### What you need to do
Type out every line of the data again, exactly.

### Exercise data
==================================================
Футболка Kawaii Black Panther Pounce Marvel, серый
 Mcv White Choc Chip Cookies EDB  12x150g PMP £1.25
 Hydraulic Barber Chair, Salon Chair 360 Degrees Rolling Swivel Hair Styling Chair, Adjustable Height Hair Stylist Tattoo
==================================================
### Final answer
Футболка Kawaii Black Panther Pounce Marvel, серый
 Mcv White Choc Chip Cookies EDB  12x150g PMP £1.25
 Hydraulic Barber Chair, Salon Chair 360 Degrees Rolling Swivel Hair Styling Chair, Adjustable Height Hair Stylist Tattoo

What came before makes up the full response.